Other than using masa, your cornbread recipe won't differ much from those that use leavening agents and sweeteners. Masa is essentially corn flour, not cornmeal, and because of that, it is much more finely ground. But that's not the only thing that distinguishes masa: The way it's processed changes its flavor as well as texture (it's been described as more "corn-forward"). What happens when you combine this soft, bread-flour consistency with ground corn's natural crunch? A crisp cornbread crust, that's what.

Nixtamalization: A way to achieve peace in hominy

Cornmeal is ground field corn, also known as maize. It's only the difference in the grind from coarsest to finest that differentiates grits, delicious polenta, and, of course, cornmeal. If you buy stone-ground cornmeal (and you should), the corn's germ and bran are ground up, as well. Grits are sometimes made with hominy, which is dried maize that is processed with lye and/or lime in order to remove the hulls and tenderize the kernels. This is known as nixtamalization, an ancient Mesoamerican process (traditionally using wood ash) that not only greatly increased the body's ability to absorb the corn's vitamins and nutrients, but also added aromatic nuance and depth of flavor — corn, forward.

Unlike cornmeal, masa is made from nixtamalized corn. So, it isn't just the fineness of its grind that sets it apart. But even so, masa keeps its corn essence very much intact; something that all-purpose flour is never going to achieve either in flavor or texture. We have masa to thank for such delicacies as tamales and tortillas, because — like wheat flour — the only thing you need to add to it in order to make a dough is water.

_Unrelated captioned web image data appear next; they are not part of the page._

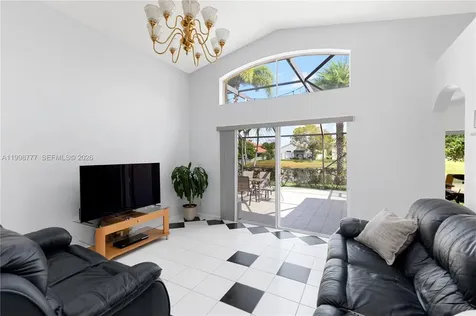 19401 SW 15th Street Pembroke Pines FL 33029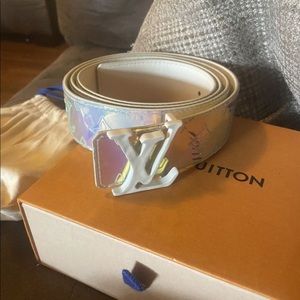 Louis Vuitton Shape 40mm Belt Size 110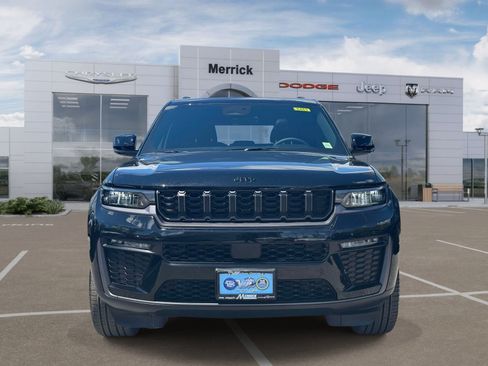 Used 2026 Jeep Grand Cherokee Limited w/ Limited Altitude Package AWD/4WD image 3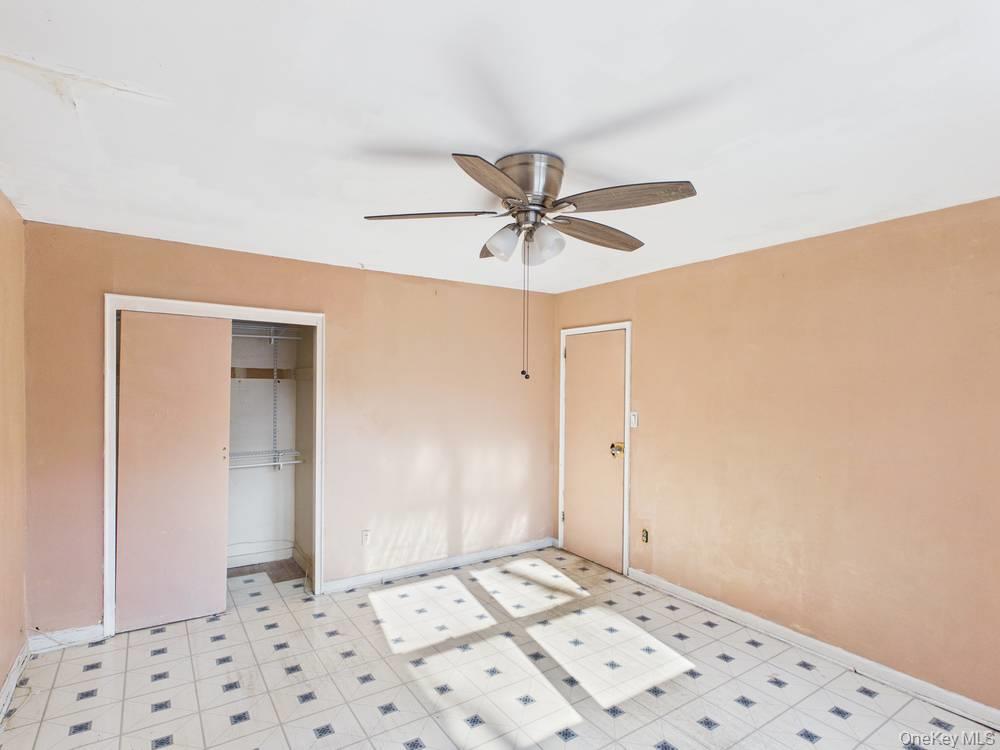 Single Family Allerton  Bronx, NY 10469, MLS-976663-14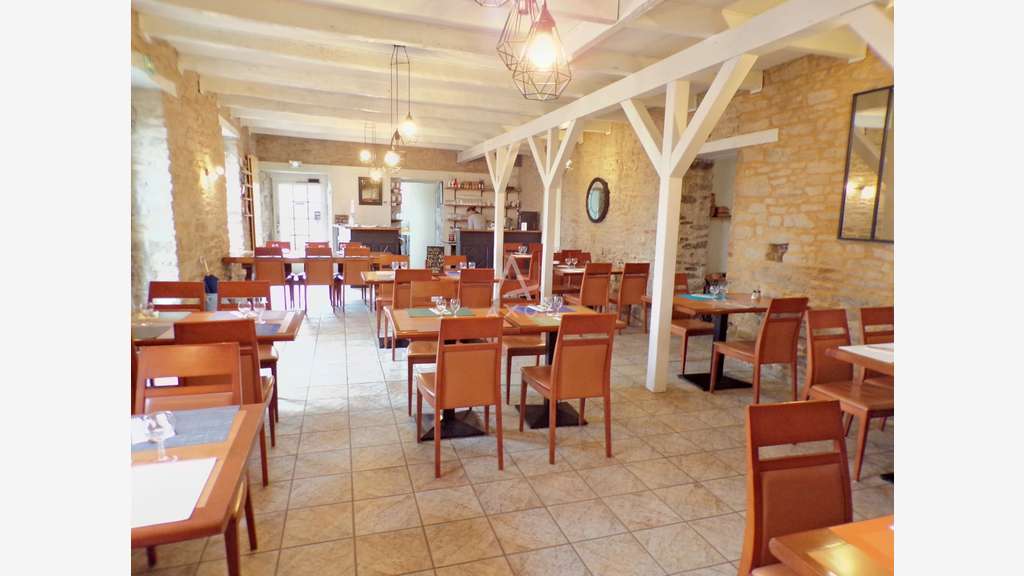 Restaurant à vendre en plein centre de Quimperlé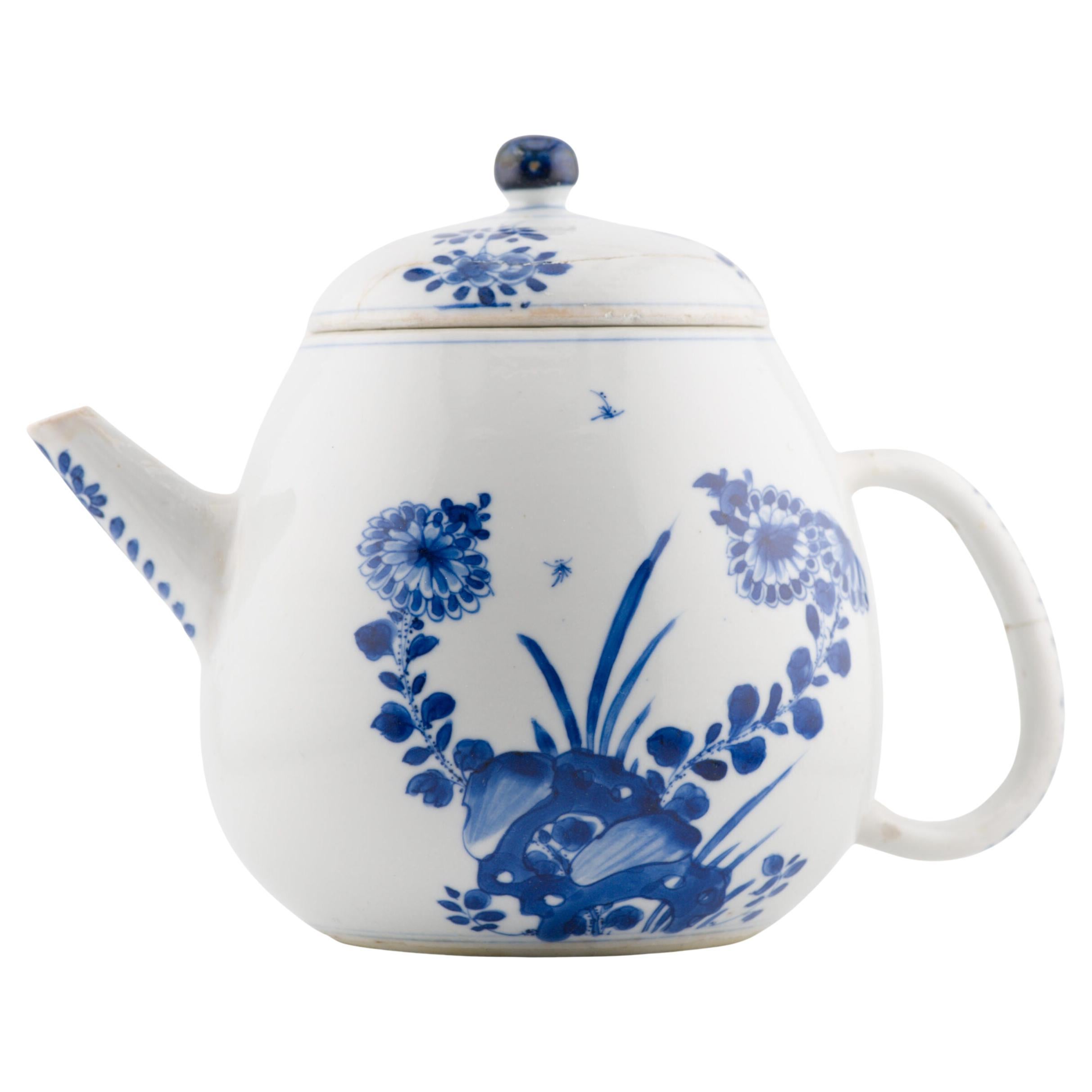 Antique Chongzhen / Shunzhi Period Chinese Porcelain Blue & White  TeaPot
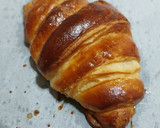 Foto del paso 15 de la receta: Croissant (v4) relleno de jamón serrano y queso fundido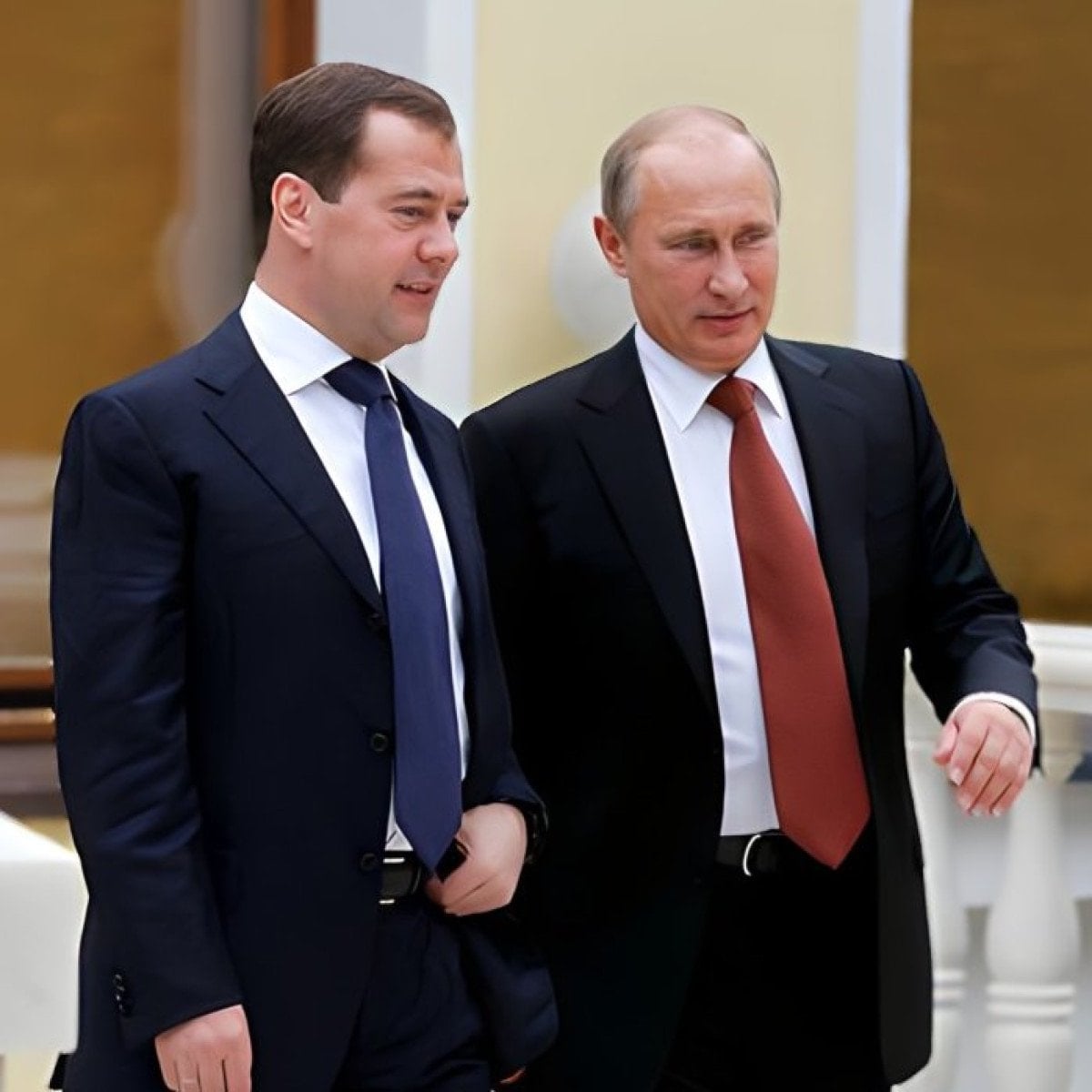 dmitriy medvedev gecen yil rus ordusuna 454 binin uzerinde kisi katildi 1 lcKOOLbK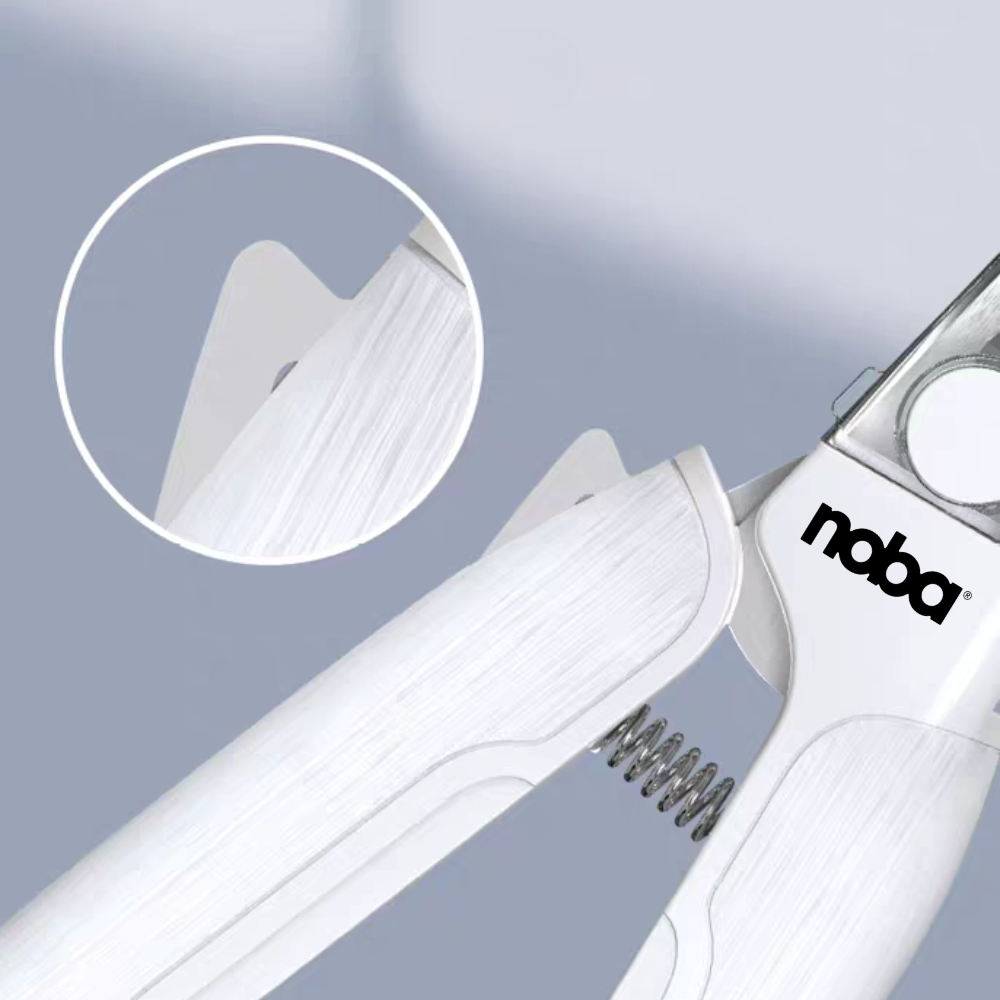 Taille griffes avec lumière LED - Noba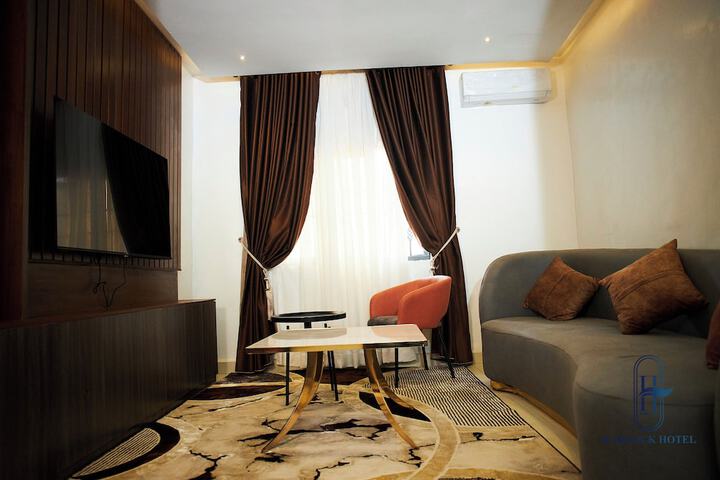 Room 4 of 7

It's not your traditional Southern cornbread

If you're into the idea of baking a sweet, crisp, and almost cakey cornbread — go for it. But the cornbread-made-with-flour concept is actually a bit of a regional bone of contention, for very interesting reasons that have to do with industry as much as sugar. In a nutshell, the commercialization of agriculture in the early part of the 20th century brought us widely available ground corn flour; much finer than the coarse grind a local farmer's water mill could provide, and an ingredient that could actually be leavened. This steel-milled corn flour was less sweet than the old-school "field ripened" corn meal, and before long, cooks (predominantly in the North), started adding sugar to their cornbread.

While this produces a toothsome bake, it's a far cry from traditional Southern cornbread batter, made with buttermilk and cooked in a smoking-hot cast iron skillet smeared with bacon fat — and that, too, results in its own kind of delectable crispness. It sounds like a compare-and-contrast cornbread cook-off will be a highly rewarding experiment.